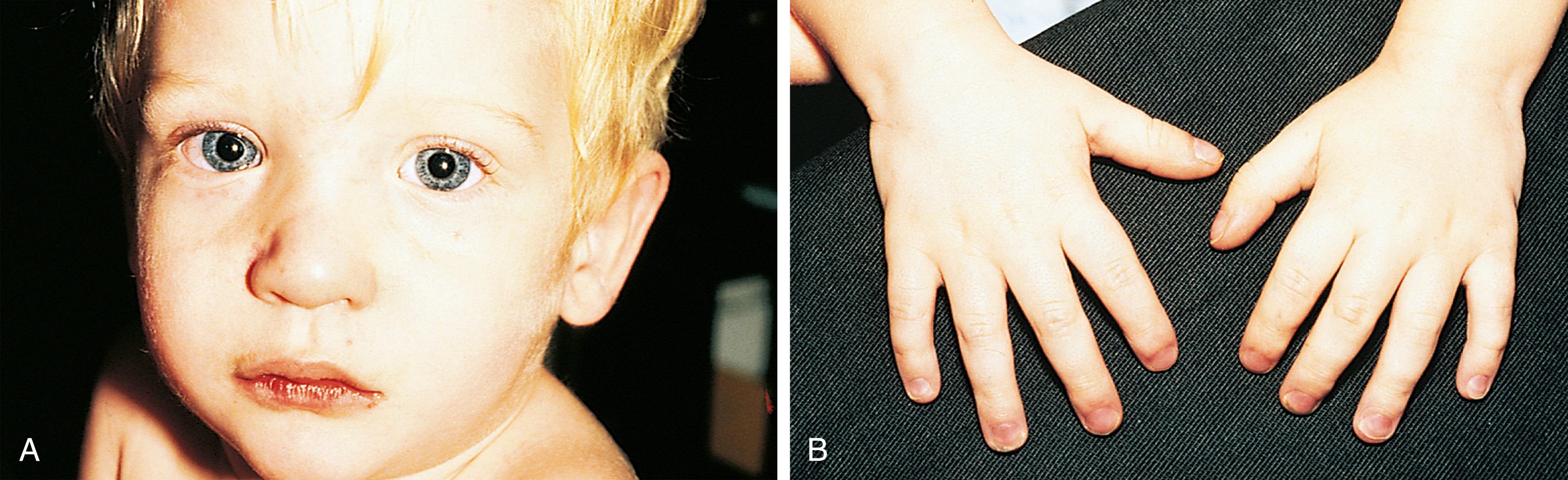 Fig. 5.2, Moderate cyanosis. This child demonstrates moderate cyanosis of the lips (A) and nails (B). Note also the reddish discoloration of the eyes resulting from conjunctival suffusion.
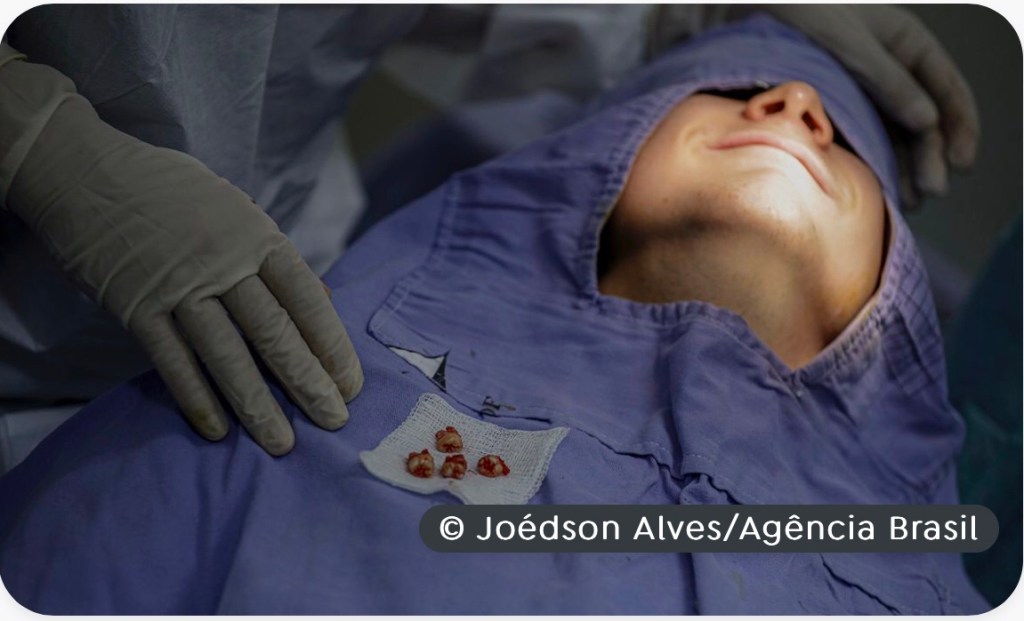 Brasil Sorridente deverá cobrir 62,5% da população em&nbsp;2024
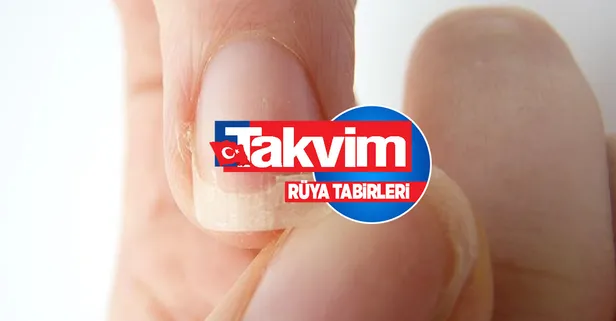 Rüyada tırnağın etten ayrılmasının anlamı, yorumu - Rüyada tırnak kırılması ne anlama gelir, neye işarettir?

+ + + +

* _TASK OBJECTIVE_
The data is to be restated word for word, with any pictures set aside.

* _ANSWER TO THE EXERCISE_
 Fig. 5.2, Moderate cyanosis. This child demonstrates moderate cyanosis of the lips (A) and nails (B). Note also the reddish discoloration of the eyes resulting from conjunctival suffusion.
 Brasil Sorridente deverá cobrir 62,5% da população em&nbsp;2024
 Rüyada tırnağın etten ayrılmasının anlamı, yorumu - Rüyada tırnak kırılması ne anlama gelir, neye işarettir?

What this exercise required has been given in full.